The Swedish Academy of Sciences has awarded this year’s Nobel prize for Physics to Charles K. Kao for “groundbreaking achievements concerning the transmission of light in fibers for optical communication” and to Willard S. Boyle and George E. Smith for “the invention of an imaging semiconductor circuit—the CCD sensor.” Physics Today offers a brief, and very readable, account of the breakthroughs that deserved this accolade.
In addition, the Nobel prize for chemistry this year has gone to Venkatraman Ramakrishnan, Thomas A. Steitz, and Ada E. Yonath “for studies of the structure and function of the ribosome” in which, as Physics Today points out, X-ray crystallography played a crucial role. Thus their achievement straddles beautifully across the fields of Physics, Chemistry and Biology.

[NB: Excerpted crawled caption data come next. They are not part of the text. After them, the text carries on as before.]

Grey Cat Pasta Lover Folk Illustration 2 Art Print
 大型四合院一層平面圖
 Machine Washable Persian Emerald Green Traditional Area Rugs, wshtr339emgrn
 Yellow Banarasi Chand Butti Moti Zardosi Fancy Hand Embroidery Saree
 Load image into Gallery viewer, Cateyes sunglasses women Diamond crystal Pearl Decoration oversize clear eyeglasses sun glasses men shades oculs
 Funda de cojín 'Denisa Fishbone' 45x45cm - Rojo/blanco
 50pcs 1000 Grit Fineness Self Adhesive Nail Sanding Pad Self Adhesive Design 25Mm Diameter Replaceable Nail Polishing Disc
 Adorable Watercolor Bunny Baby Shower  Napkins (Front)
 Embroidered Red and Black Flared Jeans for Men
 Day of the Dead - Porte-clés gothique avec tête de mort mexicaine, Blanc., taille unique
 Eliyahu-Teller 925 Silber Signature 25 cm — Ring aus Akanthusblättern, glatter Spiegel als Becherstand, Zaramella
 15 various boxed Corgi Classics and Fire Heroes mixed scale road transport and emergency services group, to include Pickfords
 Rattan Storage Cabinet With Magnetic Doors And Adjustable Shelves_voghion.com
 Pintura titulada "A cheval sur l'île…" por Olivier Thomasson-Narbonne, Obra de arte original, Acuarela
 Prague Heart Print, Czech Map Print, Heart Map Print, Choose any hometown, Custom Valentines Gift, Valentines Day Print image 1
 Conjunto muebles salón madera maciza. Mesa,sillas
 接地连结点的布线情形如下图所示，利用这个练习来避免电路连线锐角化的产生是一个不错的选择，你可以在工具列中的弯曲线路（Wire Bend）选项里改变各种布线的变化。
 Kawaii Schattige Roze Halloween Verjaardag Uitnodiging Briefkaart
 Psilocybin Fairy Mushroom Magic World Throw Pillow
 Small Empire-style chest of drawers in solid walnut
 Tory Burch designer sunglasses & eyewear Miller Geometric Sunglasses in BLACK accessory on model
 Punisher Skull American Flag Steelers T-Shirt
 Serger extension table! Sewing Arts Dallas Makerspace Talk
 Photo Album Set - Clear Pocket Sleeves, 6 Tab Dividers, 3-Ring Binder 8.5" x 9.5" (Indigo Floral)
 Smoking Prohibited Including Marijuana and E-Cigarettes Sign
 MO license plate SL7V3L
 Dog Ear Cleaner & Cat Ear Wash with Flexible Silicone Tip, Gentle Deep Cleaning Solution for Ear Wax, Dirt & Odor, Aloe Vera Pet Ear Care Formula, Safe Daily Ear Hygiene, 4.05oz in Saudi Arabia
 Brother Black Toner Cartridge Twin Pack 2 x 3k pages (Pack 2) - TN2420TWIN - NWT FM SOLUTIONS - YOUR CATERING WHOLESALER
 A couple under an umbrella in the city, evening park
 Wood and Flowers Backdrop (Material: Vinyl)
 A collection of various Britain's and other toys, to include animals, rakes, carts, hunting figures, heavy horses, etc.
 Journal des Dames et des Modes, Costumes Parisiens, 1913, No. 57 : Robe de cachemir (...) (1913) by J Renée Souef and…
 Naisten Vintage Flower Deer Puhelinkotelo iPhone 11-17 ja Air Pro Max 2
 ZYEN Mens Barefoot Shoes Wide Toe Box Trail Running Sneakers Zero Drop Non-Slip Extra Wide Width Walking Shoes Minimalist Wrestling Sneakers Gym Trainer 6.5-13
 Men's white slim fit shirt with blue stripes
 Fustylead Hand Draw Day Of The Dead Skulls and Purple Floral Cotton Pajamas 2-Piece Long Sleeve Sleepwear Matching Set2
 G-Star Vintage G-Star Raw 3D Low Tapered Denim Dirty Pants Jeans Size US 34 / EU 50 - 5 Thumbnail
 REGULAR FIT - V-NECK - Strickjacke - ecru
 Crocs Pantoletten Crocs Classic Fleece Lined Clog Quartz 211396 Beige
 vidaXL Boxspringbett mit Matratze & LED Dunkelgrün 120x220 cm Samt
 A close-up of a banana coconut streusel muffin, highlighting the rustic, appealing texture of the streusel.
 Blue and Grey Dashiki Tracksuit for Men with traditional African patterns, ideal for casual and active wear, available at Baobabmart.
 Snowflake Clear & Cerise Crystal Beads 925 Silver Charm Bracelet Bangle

The Nobel Prizes serve a dual purpose: on the one hand, they are an opportunity that the scientific community has to honor and reward those that have made the most important contributions. On the other hand, they represent the chance to send a message to the rest of society. Let us hope that these prizes will remind decision-makers and the public everywhere of, firstly, the crucial role that today’s research plays in creating tomorrow’s technologies and, secondly, that all fields of science are strongly inter-dependent, so it is not profitable to cherry-pick individual areas for support while others are neglected.